Toussaint: There are true-north metrics that have been established, and those true-north metrics are the core of what we do. They are: Are we improving operating margin and productivity? This is looking at it from a financial perspective. Also, are we improving quality? Specifically, the quality metrics that are being used now are medication error reduction and mortality reduction. And again, this concept of how many ideas from staff members are being implemented is another core metric – as well as employee injuries. We’ve really taken the tack that safety is the key, and what we want to do is make sure that this is the safest place to work in the world in healthcare. So those are very concrete metrics that the Lean activity is really focused on. Any Kaizen, any improvement activity or daily continuous improvement, a lot of it rolls up to those particular metrics.

Terry: What are the biggest challenges to implementing Lean in a hospital setting?

Toussaint: I think part of it is that staff members aren’t familiar with any of these concepts. We never get trained on any of this stuff in our [career] training programs. So people are quite unfamiliar with these quality improvement tools and with the concepts of getting decision making and improvement down to the level of the frontline worker. It’s actually fascinating to me that that isn’t the case in healthcare. We have a very highly educated workforce that goes through years of training, but the fact that they don’t get any training in continuous improvement and they don’t have a clue how to do a Plan-Do-Study-Act improvement cycle – it’s really quite shocking actually. So we have to overcome that by retraining – both physicians and nurses and others – in this very basic set of continuous improvement principles.

And then, we touched on before, this issue of the cultural component. Healthcare is full of, what I describe in the book as, the “shame and blame” – if you make a mistake, you’re a bad doctor or a bad nurse. But in fact, 99 percent of [mistakes] are process problems. The processes in healthcare are perfectly designed to get the results they’re getting – which are lots of errors and massive cost problems. That’s what’s great about the Lean methodology…it takes all the blame away and really starts to focus in on what’s the process change that needs to occur in order to improve the result. And that’s easier said than done, but I think that’s one of the biggest issues – to be able to change the culture from shame and blame to continuous improvement and using data to make decisions.

Terry: I’d like to talk about the success ThedaCare has had. Is there a particular metric that you saw the most improvement in, or a story that represents the success ThedaCare has had using Lean?

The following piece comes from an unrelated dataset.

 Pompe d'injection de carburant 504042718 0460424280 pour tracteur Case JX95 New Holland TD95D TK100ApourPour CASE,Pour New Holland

Toussaint: There are many, it’s hard to just say there’s one. I think if you look at public reporting of quality performance – we have an organization in the state called the Wisconsin Collaborative for Healthcare Quality – you’ll see that ThedaCare ranks very high on almost all the quality indicators, in many cases the highest of anybody. So quality performance has dramatically improved. Mortality rates have dropped in cardiac surgery dramatically and in other procedures that we do. I always look at this as: What is the quality performance? Because if the quality performance is dramatically improving, then the cost is going to start coming down if you’re using the Lean methodology. So as ThedaCare’s quality on all these different publicly reported data sets has increased, the costs have come down. You can go on public websites to see how much ThedaCare charges for its procedures, and you’ll find that those are some of the lowest charges in the state as well. The point is that you improve quality, you lower the cost, and you get better value to the patient and the person who’s purchasing the healthcare. That’s really what the goal has been – to create better value for the patient.